Figure 5. Euan Mearns says of the above “S Hemisphere map showing the distribution of areas sampled. These have in general been chosen to avoid large centres of human population and prosperity.

For the current analysis Figure 6 is most relevant.

Figure 6. Euan Mearns’ says of the above “The distribution of operational stations from the group of 174 selected stations.

The temperature data for the earlier period is much sparser than for later period. Even where there is data available in the earlier period the temperature data could be based on a fifth of the number of temperature stations as the later period. This may exaggerate slightly the issue, as the coasts of South America and Eastern Australia are avoided.

An Hypothesis on the Homogenisation Impact

Now consider again the description of homogenisation Venema et al 20125, quoted in the previous post.

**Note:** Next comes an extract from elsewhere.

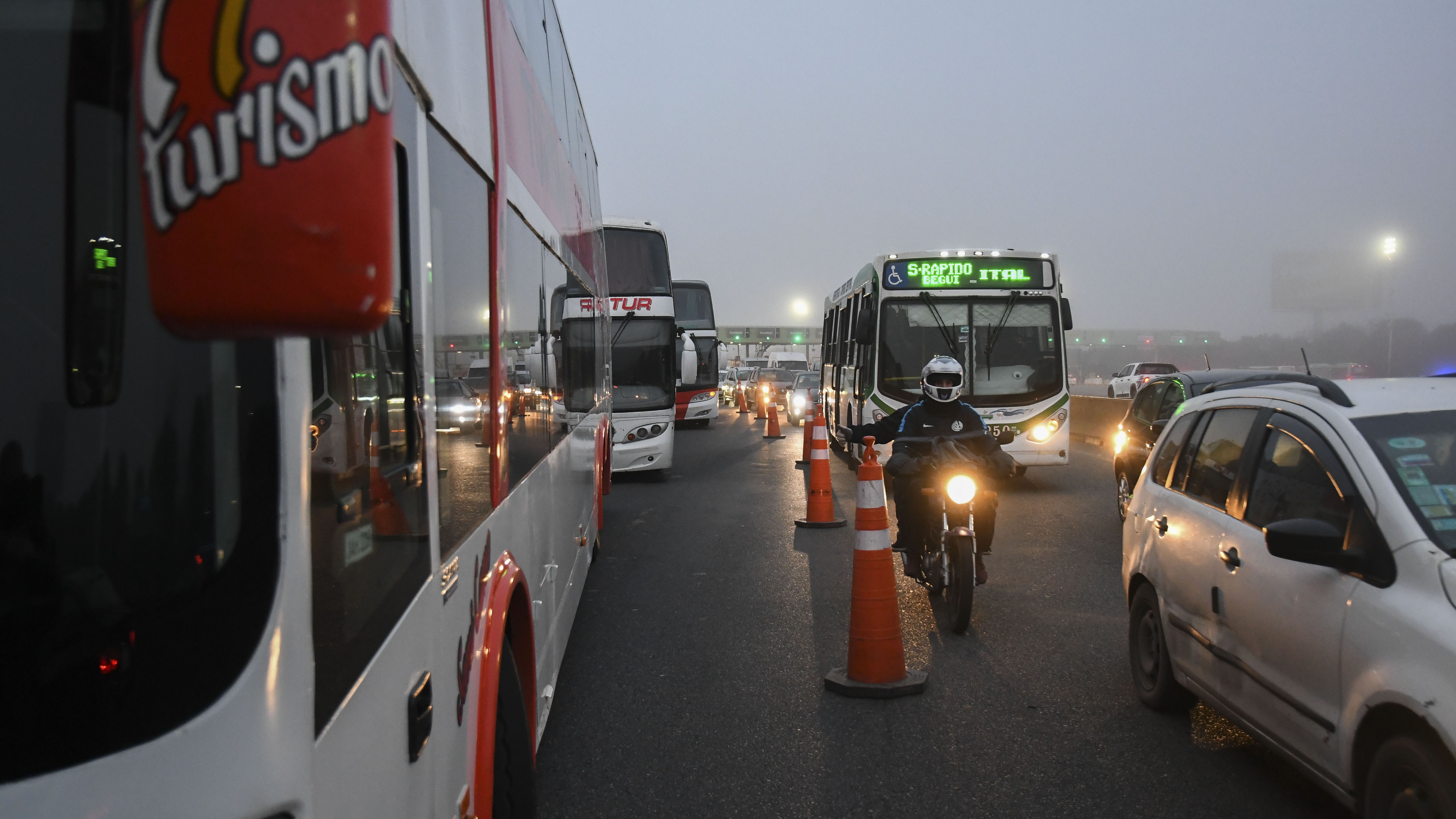 Apenas se habilitaron dos carriles en el sentido hacia la Capital (Télam)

The most commonly used method to detect and remove the effects of artificial changes is the relative homogenization approach, which assumes that nearby stations are exposed to almost the same climate signal and that thus the differences between nearby stations can be utilized to detect inhomogeneities. In relative homogeneity testing, a candidate time series is compared to multiple surrounding stations either in a pairwise fashion or to a single composite reference time series computed for multiple nearby stations. (Italics mine)


The assumption of the same climate signal over the homogenisation will not apply where the temperature stations are thin on the ground. The degree to which homogenisation eliminates real world variations in trend could be, to some extent, inversely related to the density. Given that the density of temperature data points diminishes in most areas of the world rapidly when one goes back in time beyond 1960, homogenisation in the early warming period far more likely to be between climatically different temperature stations than in the later period. My hypothesis is that, relatively, homogenisation will reduce the early twentieth century warming phase compared the recent warming phase as in earlier period homogenisation will be over much larger areas with larger real climate variations within the homogenisation area.

Testing the Hypothesis

There are at least two ways that my hypothesis can be evaluated. Direct testing of information deficits is not possible.

First is to conduct temperature homogenisations on similar levels of actual data for the entire twentieth century. If done for a region, the actual data used in global temperature anomalies should be run for a region as well. This should show that the recent warming phase is post homogenisation is reduced with less data.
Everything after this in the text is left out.